世の女神衆の中でもとびぬけた美しい女神であったので、世の男の神々の一番の注目になり、われもわれもと「ひのはやみこと」に恋こがれ慕いいつきまとった。
あまり多くの男の神に慕われたみことは、とてもみんなの好意にこたえられないと思い、ひとりこそっりと我が身をかくそうと、伊勢から熊野を通って吉野の山中に住まいを定められたのである。

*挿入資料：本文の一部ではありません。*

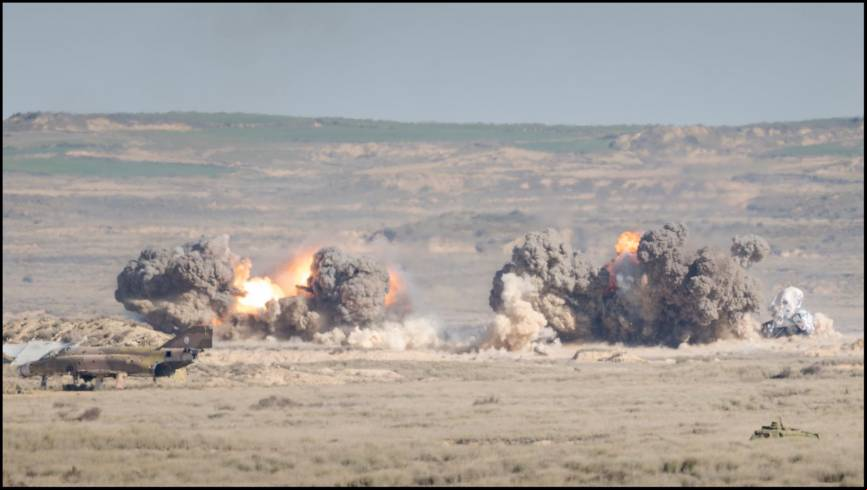 10- Efecto de las bombas lanzadas por los cazabombarderos en las Bardenas Reales, en primer plano se ve uno de los m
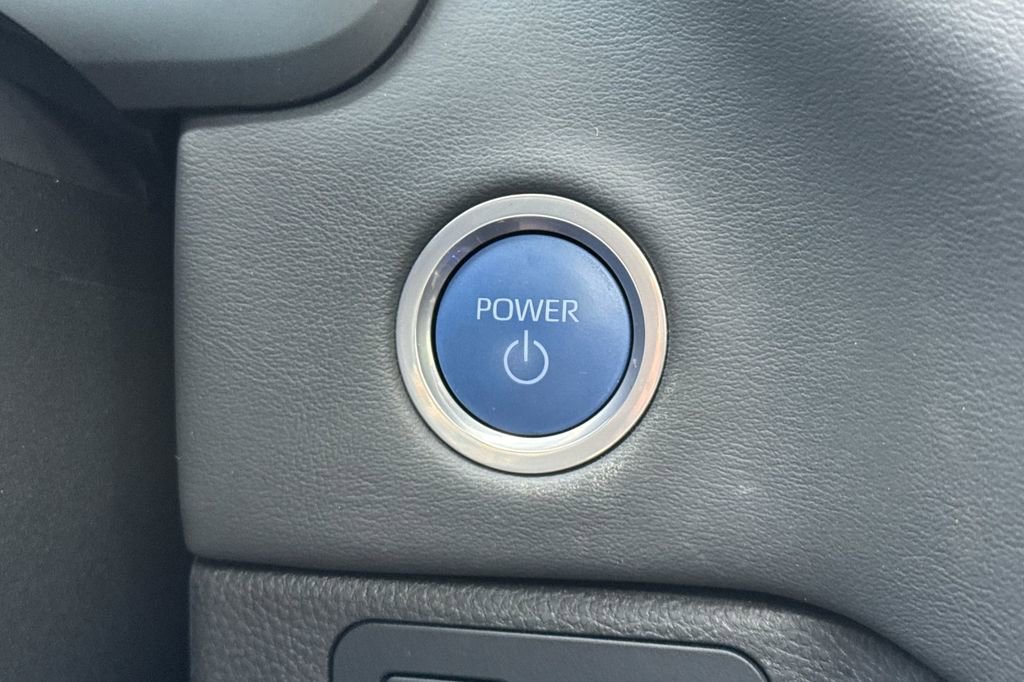 Used 2023 Toyota Tundra Platinum image 25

みことを慕う世の神々は、どこまでもあとを追い、みことをさがしてつきまとった。
思いあまったみことは、さらに北上し、神野山は神野寺のふもとの弁天池のほとりにひっそりとすまわれたのであった。
みことはこれで安心と思われたが、世の神々の思いはおさまらず、みことを追い求めて神野山めがけてかけつけた。
みことはたまりかねて、男の神々の目を逃れようと一尾のオロチに我が身を化かされたのであった。
みことを恋したって山また山を越えてあつまった男の神々の目の前に横たわる一尾のオロチ。
このオロチがあの美しい「ひのはやひのみこ」とはさすがに神々も思いもよらず、行く手を邪魔するにくきオロチと思い込み一刀の剣をもってしとめてしまった。

オロチは見る見るうちに女神の傷ついた姿にかわり、弁天池の澄んだ水の中に悲しいその身を横たえたのであった。
集まってきた世の男の神々は、そのいたましい姿を見て涙の枯れるまで泣き明かした。そして、我が恋が実らず、その思いが、女神を悲惨な姿にしてしまったこの事実を悔い、なげき悲しみつつ神野山頂にみことの墓を設け祀ったのである。
山頂の王塚にはこんな悲しい話が秘められているのである。
それがもとでか、弁天池の水は春秋二回赤く染まるといわれている。
そしてまた五月に全山を覆うまっ赤なベニツツジは「ひのはやひのみことの清らかな血の色」であるともいわれている。